As I mentioned previously in my entry about using the Zimo MXULFA as a simple DCC Command station, JMRI (at the time of writing) has a bug that causes the locomotive direction of travel to be reversed to what is requested when using this device.
As part of my testing this problem, I put together a DCC Sniffer to enable me to verify where the problem was occuring.
A DCC Sniffer is a device that connects to the DCC output of the DCC command station (i.e. the rails), and decodes the DCC commands it sees into a human readable form.
I had an Arduino Uno compatible board available, that had a small prototyping area built in to the board itself, so I was able to construct the DCC Optocoupler circuit in the prototyping area for a single board solution.
I also added the LEDs that Neil mentioned in his post, so if I want I don’t even have to connect the sniffer to a PC, I can just supply the sniffer with 5V on the USB cable (e.g. from a Power Bank or USB charger), and see indicator lights for a quick diagnosis of main DCC functions.

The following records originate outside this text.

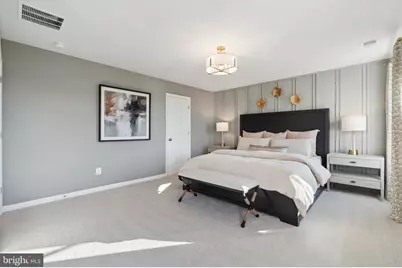 107 Empire Road, Charles Town, WV 25414 - Photo 15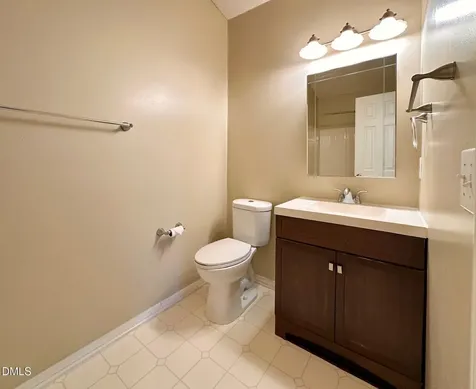 121 Evening Star Drive Apex NC 27502
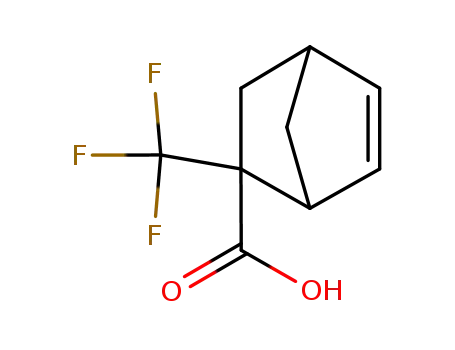 370102-78-6 Structure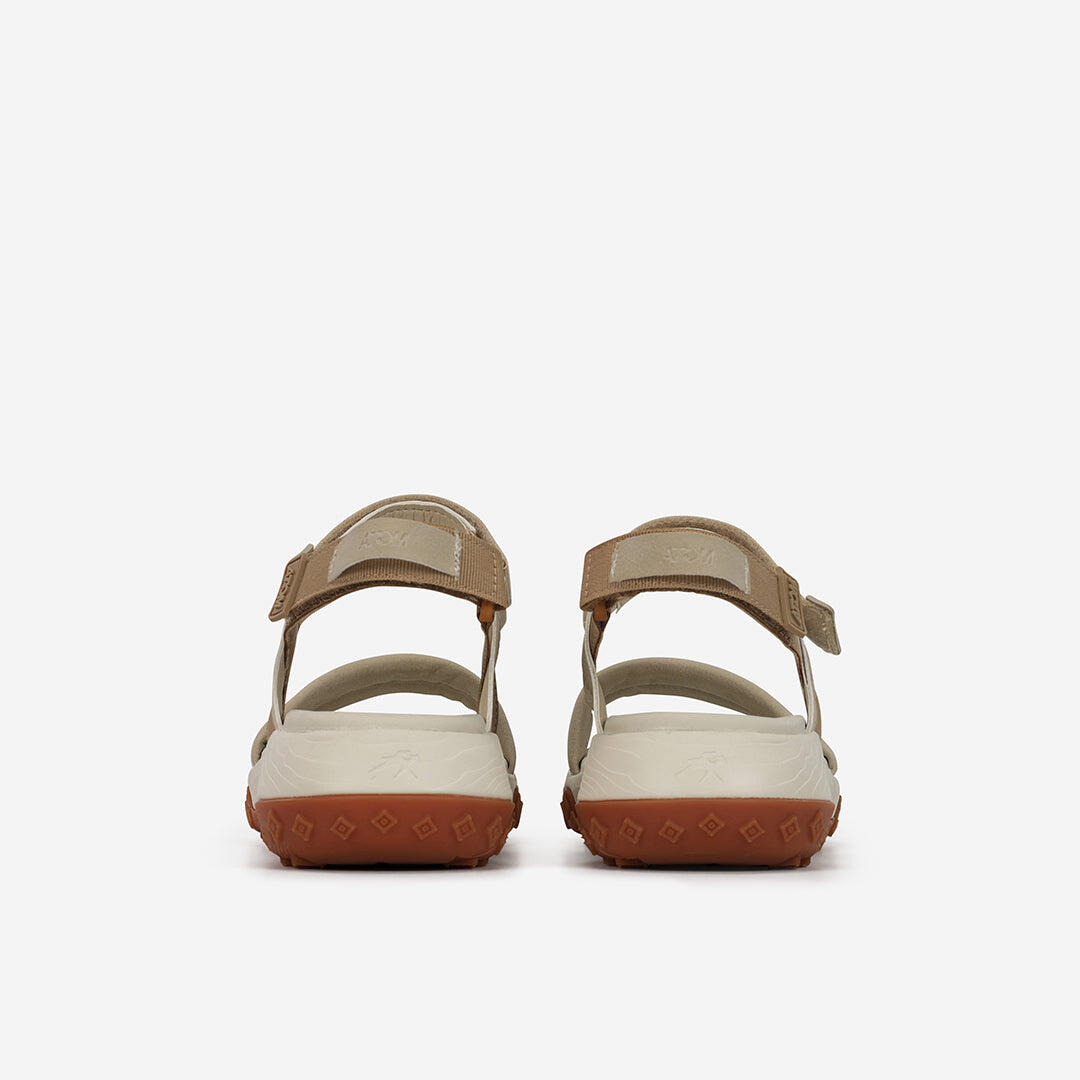 Sandalias para Tiempo Libre para HOMBRE ATOM ALLIANCE AT188 7/7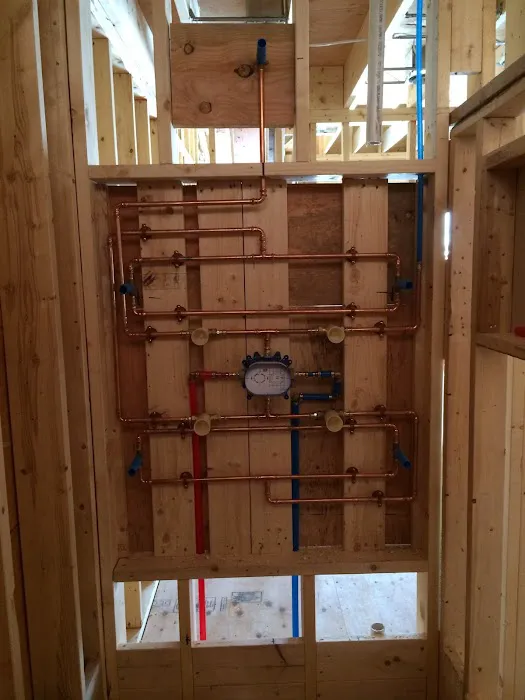 Petro Plumbing & Heating Picture 10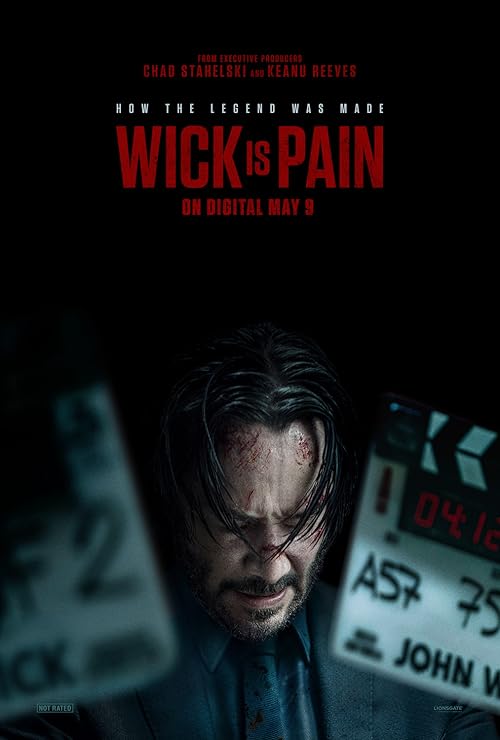 WICK.IS.PAIN.2025.2160p.AMZN.WEB-DL.DDP5.1.H.265-BYNDR – 13.7 GB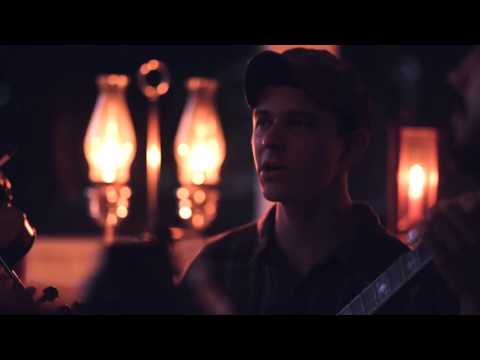 The Wayfarers - "When First Unto This Country" [Old House Sessions]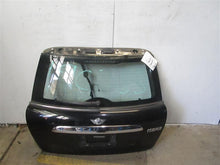 Load image into Gallery viewer, TRUNK LID Mini Cooper 2012 12 2013 13 2014 14 - 1000405
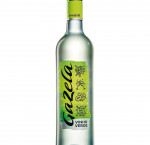 Sogrape gazela vinho verde vinho verde  750 ml bottle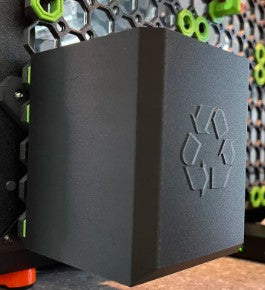 Multiboard Wastebin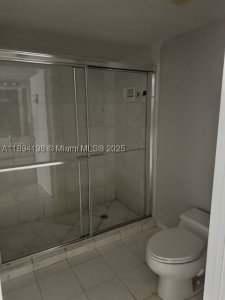 Comprar apartamento en Mystic Pointe 600 802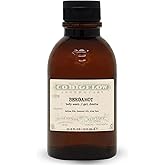 C.O. Bigelow Bergamot Body Wash, Iconic Collection Moisturizing Body Wash with Coconut Oil & Aloe Vera, 10.5 Fl Oz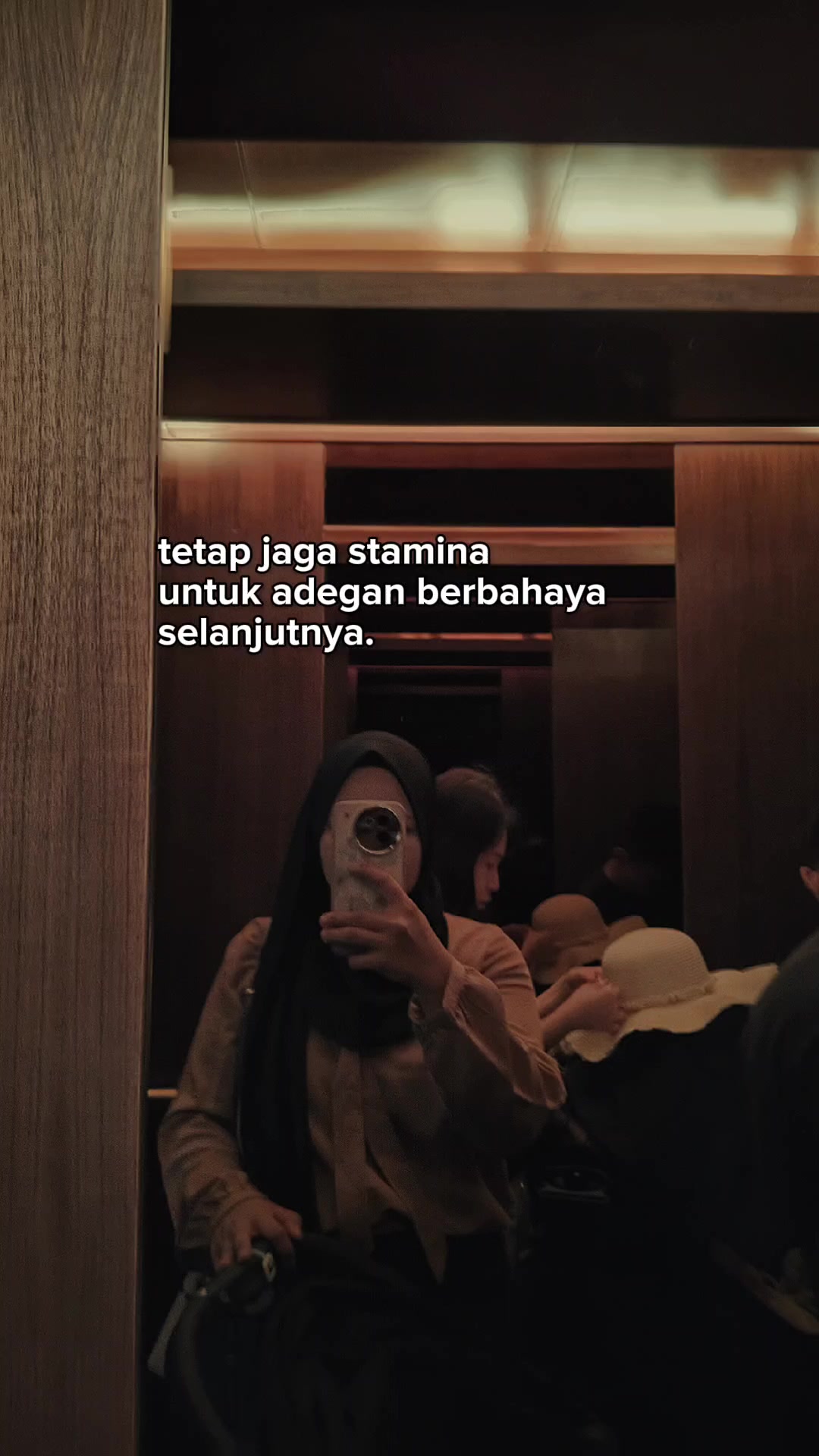 @Ay🦪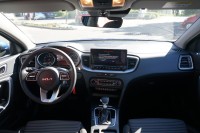 Kia xcee'd XCeed 1.6 GDI Aut.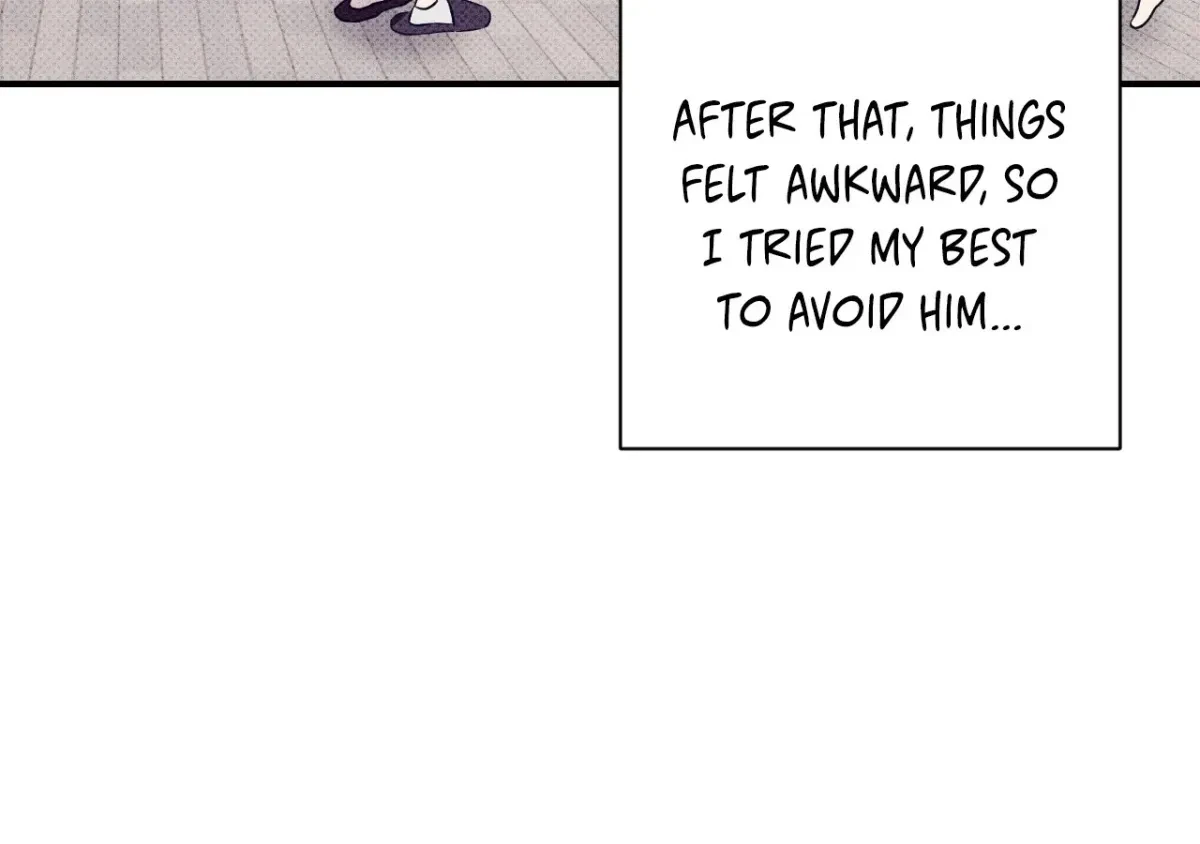 Chapter 3, page 10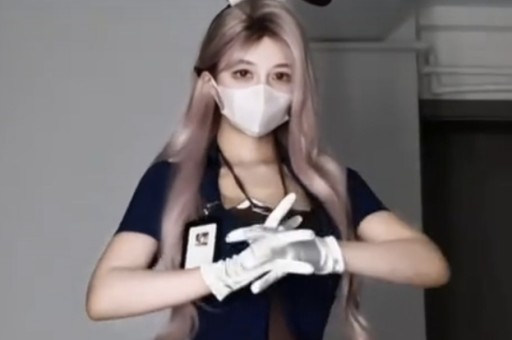 前 KPOP 经纪人揭露行业黑幕：我曾顶罪酒驾还代人开处方药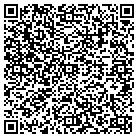 QR code with Church Baptist Haitian contacts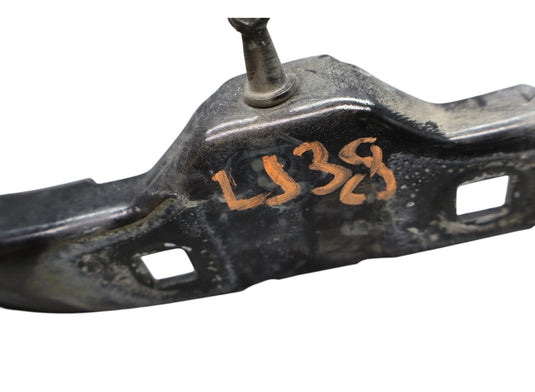 17-22 Alfa Romeo Giulia 952 Front Left Driver Side Hood Hinge Bracket Oem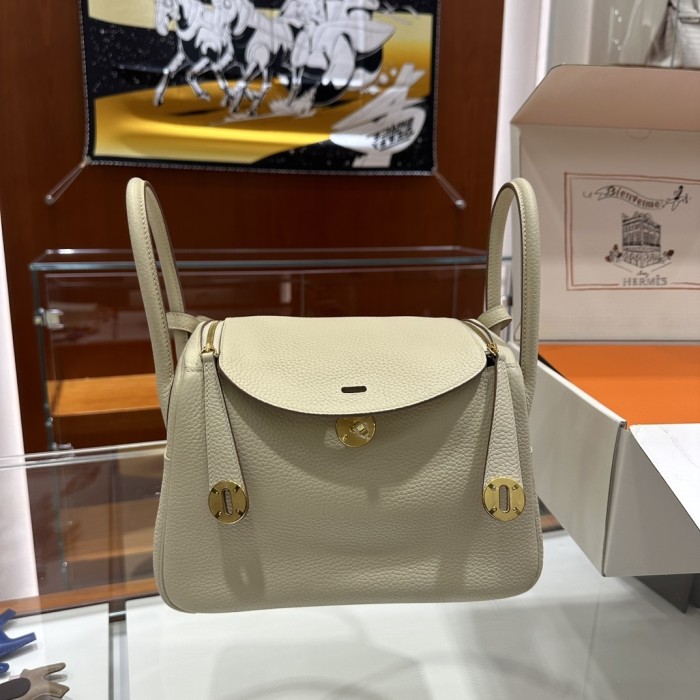 Lindy“26*18*14CM”-0051=
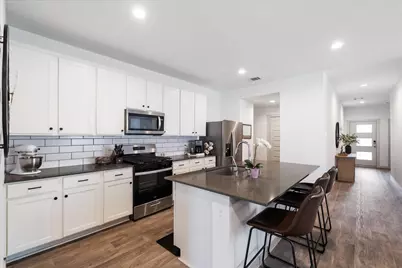 14906 Rain Tree Drive, Baytown, TX 77523 - Photo 9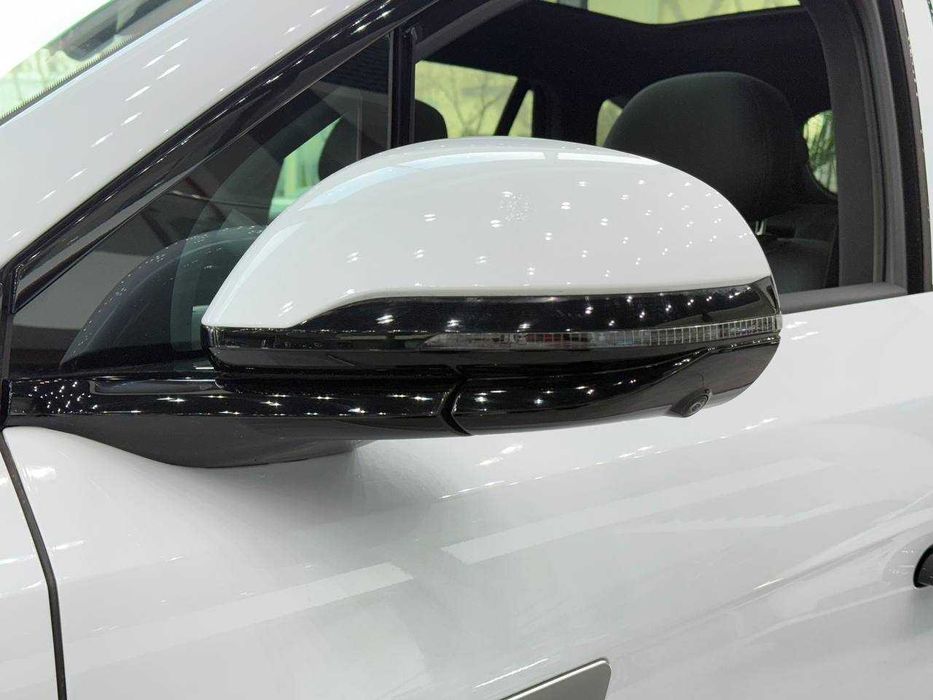 byd atto 8 от официального дилера BYD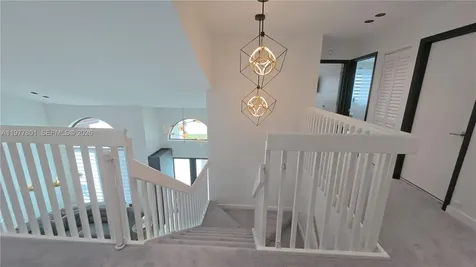 18197 SW 4th Court Pembroke Pines FL 33029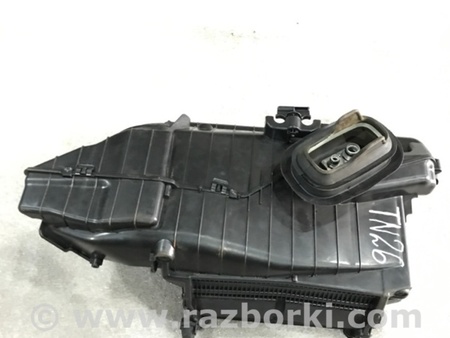 ФОТО Радиатор печки для Audi (Ауди) A4 V B9 - 8W (2015-) Київ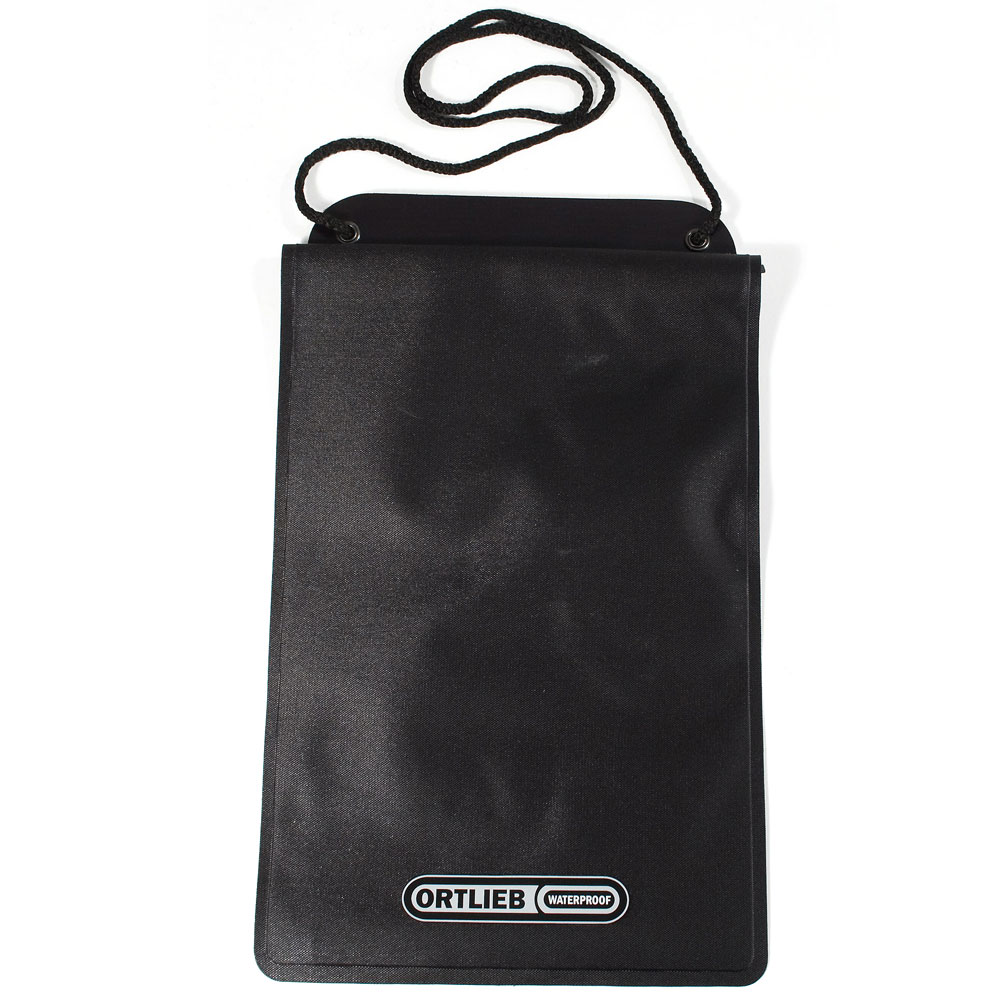 Влагозащитный чехол ORTLIEB Valuable Bag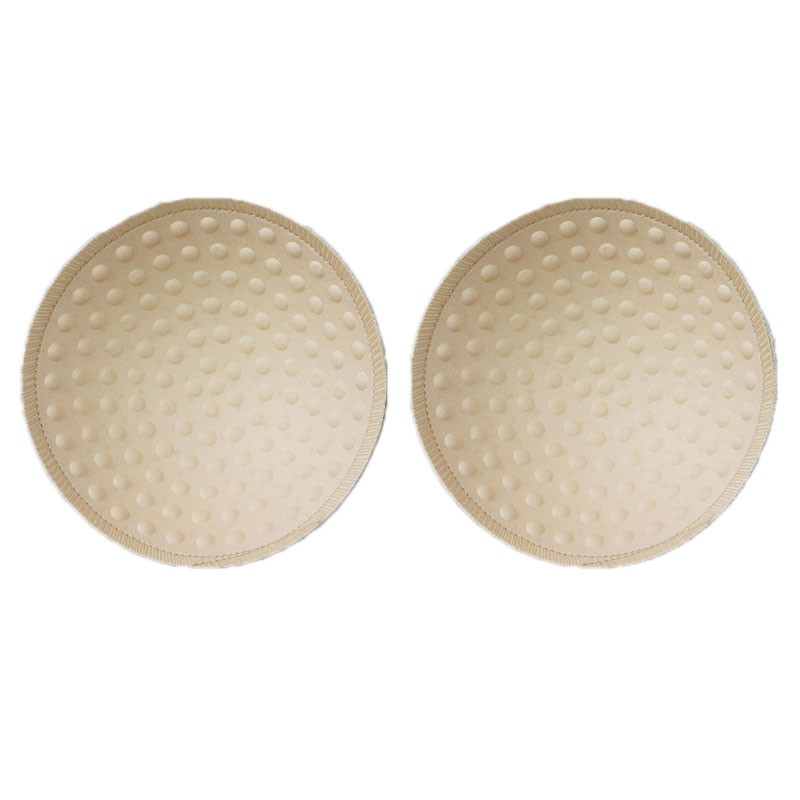 Miếng Lót Độn Ngực Cho Nữ | BigBuy360 - bigbuy360.vn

Some people might be wodnering where the LEDs are in the photo above. I left them behind the label deliberately, and when lit they show through.
The above image doesn’t really show the LEDs as well as they appear in operation, so this one is a better close-up, with a deliberate “fault” condition to show I have 3 colours of LED in use:
When I was using this device to diagnose the MXULFA, connection to the PC and monitoring the serial output from the sniffer was required. This showed that while JMRI was setting the locomotive direction to Forward, the MXULFA was setting the DCC code to Reverse, and vice versa. When the MXULFA was used as a stand-alone DCC controller, the directions worked correctly, and other people confirmed that the MXULFA worked correctly when it was connected to different PC software, so the bug was tracked down to being the JMRI interface with the MXULFA device.